Whether any of this works remains to be seen. No Democrat--not even Bill Clinton, who only won a plurality of the white working class--has figured out the solution to the party's malaise. The Democrat who does will have rebuilt an enduring Democratic majority.
--Josh Benson
posted 10:51 a.m.
"I smell the same New England genius that I smelled in the Dukakis campaign in 1988," Mr. Austin added. "Kerry wants to run as a man of the people, and where do they put him for photo opportunities? Snowboarding in Sun Valley, shooting skeet in the Ohio valley, and windsurfing off that great working-class vacation paradise, Nantucket. Democrats - at least Ohio Democrats - play softball and touch football."
Latest Harris poll was done on the net instead of by phone, but the results are very similar to their phone-based poll a week and a half ago:
Bush 48% (+1)
Kerry 46% (-2)
Nader 3% (+1)
The interesting parts are the details in the breakdown:
nimh wrote:One is that the traditional gender gap -- with men leaning more toward Republican candidates and women toward the Democratic candidates -- is only a very modest feature of this election, at the moment.

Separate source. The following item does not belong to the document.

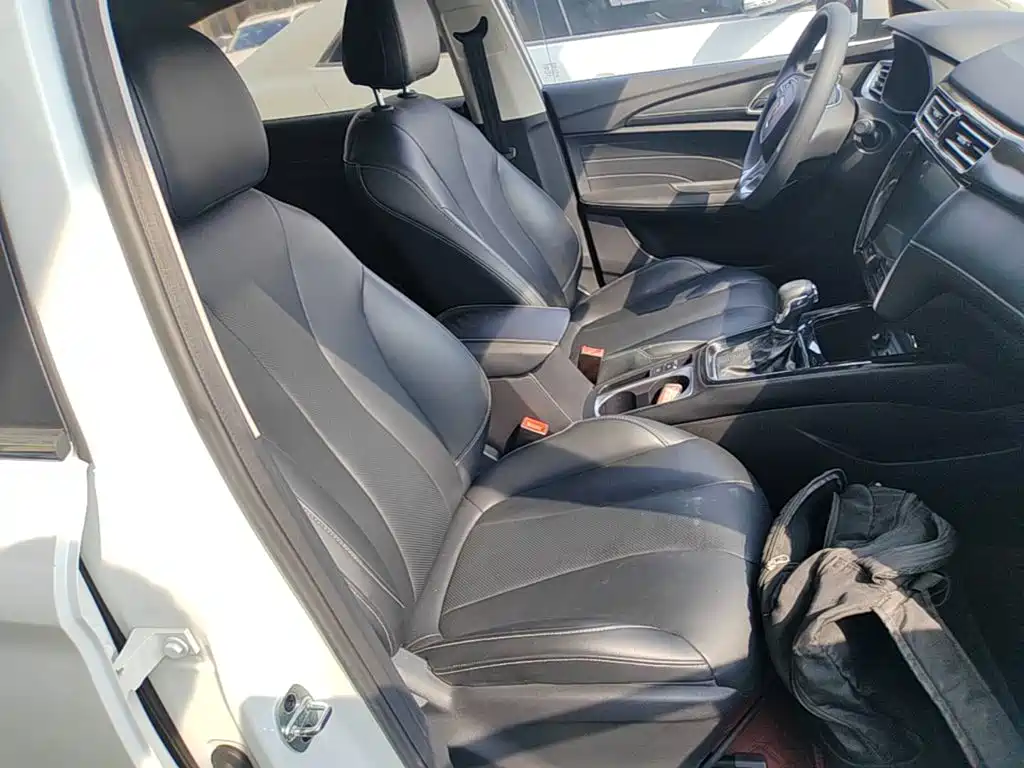 Roewe i5 — миниатюра 25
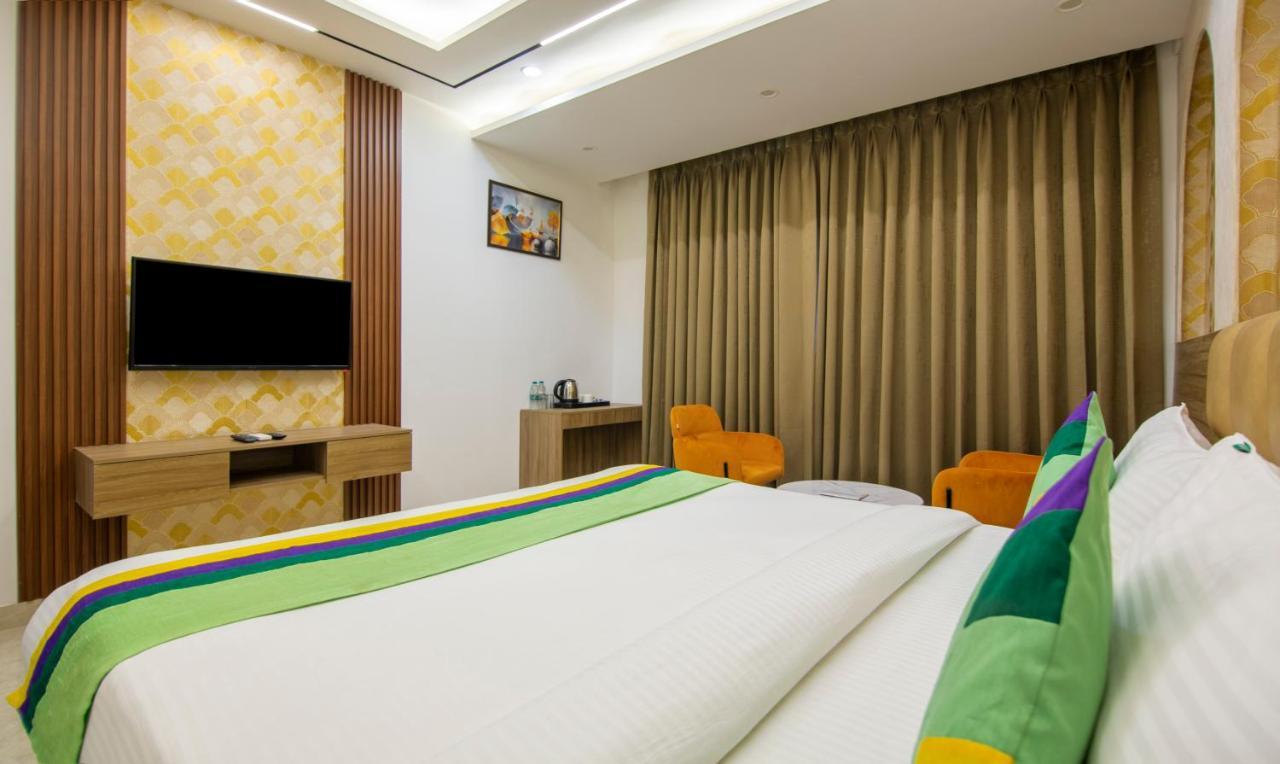 Treebo The Armani Near Igi Airport Hotel New Delhi Exterior foto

Another, even more surprising, finding emerges from an analysis by education. Normally Democratic candidates win substantial majorities among those with the least education -- people who never went to college. Now President Bush does better among this group than he does among those with more education.
Indeed, President Bush leads Senator Kerry by nine points among those with no college education and by six points among those with some college education but no bachelor's degree. Kerry, on the other hand, leads by five percent among those with a college degree and by fully 21 percent among those with post-graduate education.